▶ [GIVEN DATA]

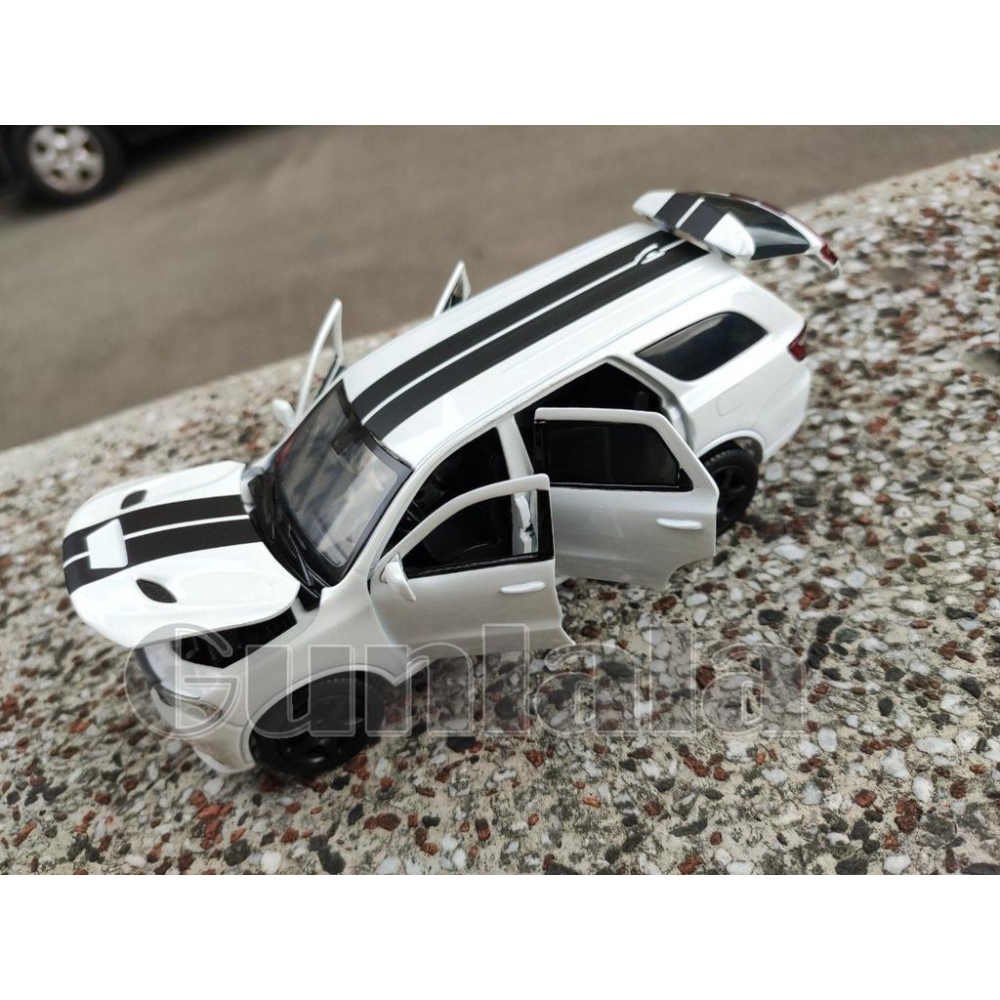DODGE DURANGO SRT 1:32模型車 道奇杜蘭哥 Hellcat 高性能SUV 地獄貓 1/32金屬模型-細節圖2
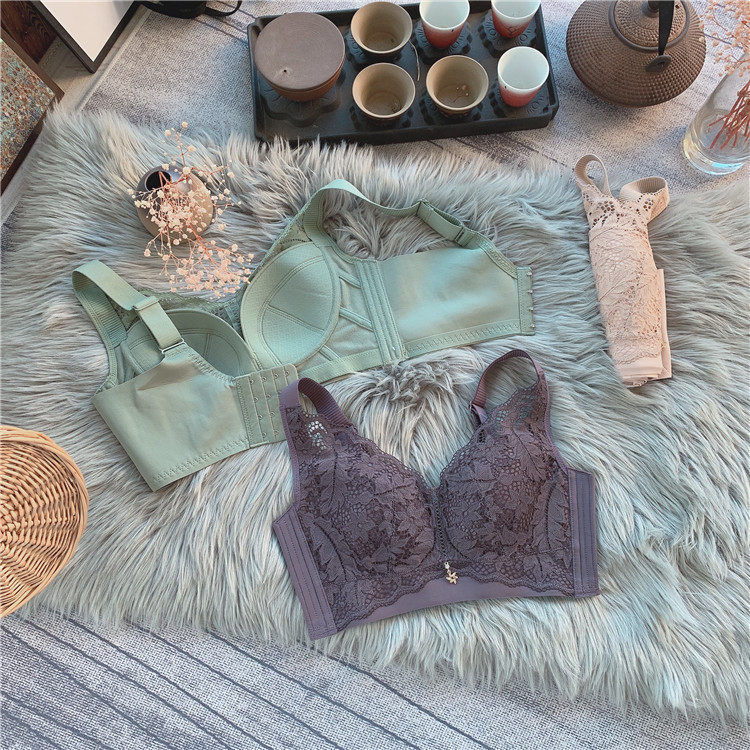 袔苡莥泰国乳胶杯收副乳防外扩无钢圈聚拢调整薄款显小文胸套装女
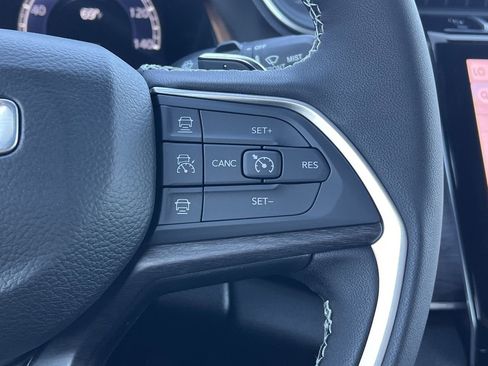 New 2025 Jeep Grand Cherokee L Limited AWD/4WD image 13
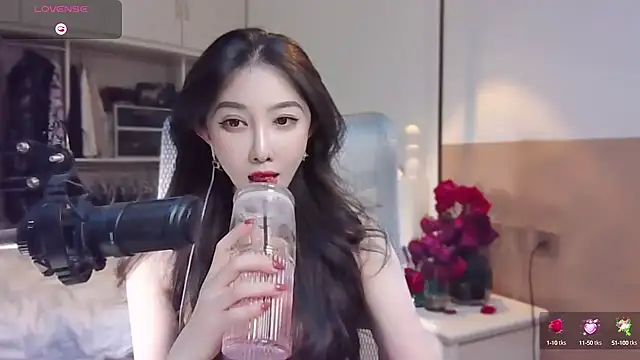 Snapshot of vyizh- chatting on March 7, 1:40 pm vyizh- online show from March 7, 1:40 pm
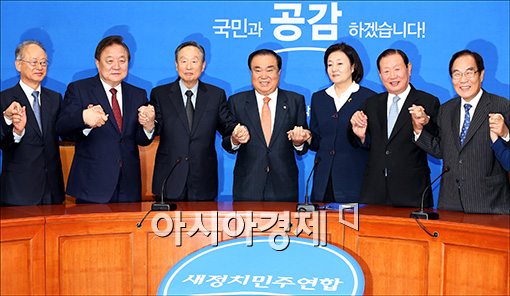 [포토]상임고문단과 손잡은 문희상 비대위원장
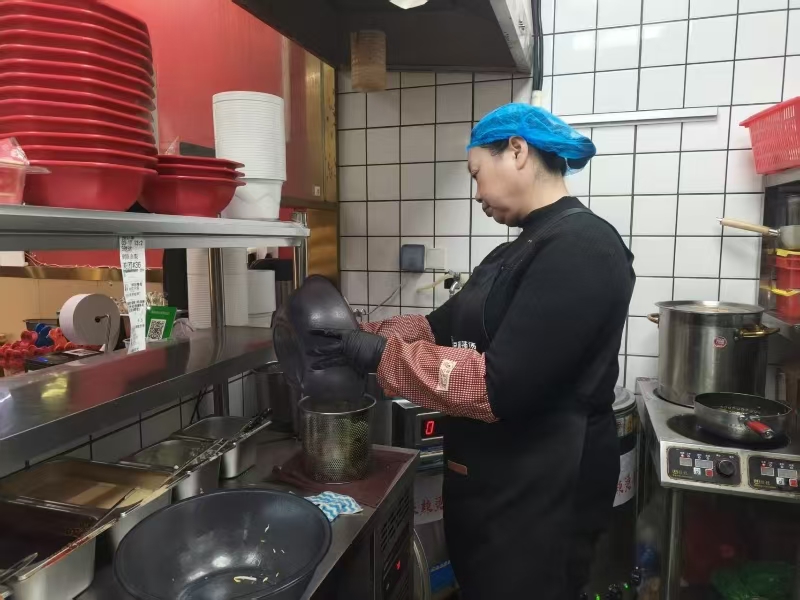 好运转（郑恩强麻辣烫）嘉兴写字楼底商麻辣烫店转让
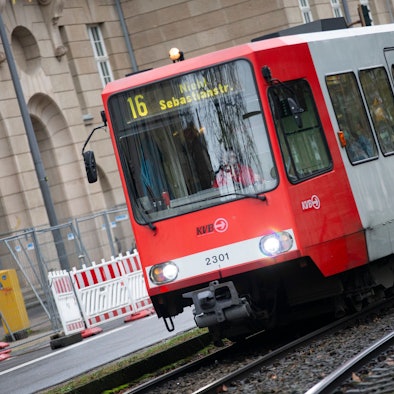 Eine Stadtbahn der Linie 16 der Kölner Verkehrsbetriebe.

▶ [AIM OF THE EXERCISE]
All of the entries must be reproduced exactly, with no pictures kept.

▶ [TASK SOLUTION]
DODGE DURANGO SRT 1:32模型車 道奇杜蘭哥 Hellcat 高性能SUV 地獄貓 1/32金屬模型-細節圖2
 袔苡莥泰国乳胶杯收副乳防外扩无钢圈聚拢调整薄款显小文胸套装女
 New 2025 Jeep Grand Cherokee L Limited AWD/4WD image 13
 Snapshot of vyizh- chatting on March 7, 1:40 pm vyizh- online show from March 7, 1:40 pm
 [포토]상임고문단과 손잡은 문희상 비대위원장
 好运转（郑恩强麻辣烫）嘉兴写字楼底商麻辣烫店转让
 Eine Stadtbahn der Linie 16 der Kölner Verkehrsbetriebe.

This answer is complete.